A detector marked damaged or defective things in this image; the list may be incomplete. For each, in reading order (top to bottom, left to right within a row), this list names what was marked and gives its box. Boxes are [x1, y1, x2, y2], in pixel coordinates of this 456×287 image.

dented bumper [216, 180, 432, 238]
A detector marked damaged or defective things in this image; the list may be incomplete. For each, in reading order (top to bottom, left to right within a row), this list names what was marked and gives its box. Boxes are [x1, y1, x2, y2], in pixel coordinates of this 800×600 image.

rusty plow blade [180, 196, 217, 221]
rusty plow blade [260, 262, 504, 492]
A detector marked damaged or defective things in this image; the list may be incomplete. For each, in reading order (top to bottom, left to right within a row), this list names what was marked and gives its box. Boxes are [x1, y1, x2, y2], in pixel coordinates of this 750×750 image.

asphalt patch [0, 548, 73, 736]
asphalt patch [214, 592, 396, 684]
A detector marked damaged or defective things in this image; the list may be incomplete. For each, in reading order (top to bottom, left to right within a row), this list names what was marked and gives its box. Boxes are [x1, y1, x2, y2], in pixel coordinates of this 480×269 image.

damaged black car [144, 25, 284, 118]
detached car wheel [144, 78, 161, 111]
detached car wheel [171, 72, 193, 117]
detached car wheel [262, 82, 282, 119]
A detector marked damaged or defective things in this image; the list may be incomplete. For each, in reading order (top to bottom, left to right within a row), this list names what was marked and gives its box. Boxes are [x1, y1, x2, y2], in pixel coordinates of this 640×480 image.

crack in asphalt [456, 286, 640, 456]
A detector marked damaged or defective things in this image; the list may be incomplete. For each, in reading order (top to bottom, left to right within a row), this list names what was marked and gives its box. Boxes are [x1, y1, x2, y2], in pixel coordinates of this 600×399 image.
━━━━━━━━━━━━━━━━━━━━
### Exercise description
Exactly the lines from the one containing "this 800×600 image." to the last line of the entries above must be duplicated, with both of those lines included and nothing more.

### Response area
A detector marked damaged or defective things in this image; the list may be incomplete. For each, in reading order (top to bottom, left to right within a row), this list names what was marked and gives its box. Boxes are [x1, y1, x2, y2], in pixel coordinates of this 800×600 image.

rusty plow blade [180, 196, 217, 221]
rusty plow blade [260, 262, 504, 492]
A detector marked damaged or defective things in this image; the list may be incomplete. For each, in reading order (top to bottom, left to right within a row), this list names what was marked and gives its box. Boxes are [x1, y1, x2, y2], in pixel coordinates of this 750×750 image.

asphalt patch [0, 548, 73, 736]
asphalt patch [214, 592, 396, 684]
A detector marked damaged or defective things in this image; the list may be incomplete. For each, in reading order (top to bottom, left to right within a row), this list names what was marked and gives its box. Boxes are [x1, y1, x2, y2], in pixel coordinates of this 480×269 image.

damaged black car [144, 25, 284, 118]
detached car wheel [144, 78, 161, 111]
detached car wheel [171, 72, 193, 117]
detached car wheel [262, 82, 282, 119]
A detector marked damaged or defective things in this image; the list may be incomplete. For each, in reading order (top to bottom, left to right within a row), this list names what was marked and gives its box. Boxes are [x1, y1, x2, y2], in pixel coordinates of this 640×480 image.

crack in asphalt [456, 286, 640, 456]
A detector marked damaged or defective things in this image; the list may be incomplete. For each, in reading order (top to bottom, left to right within a row), this list names what was marked and gives its box. Boxes are [x1, y1, x2, y2], in pixel coordinates of this 600×399 image.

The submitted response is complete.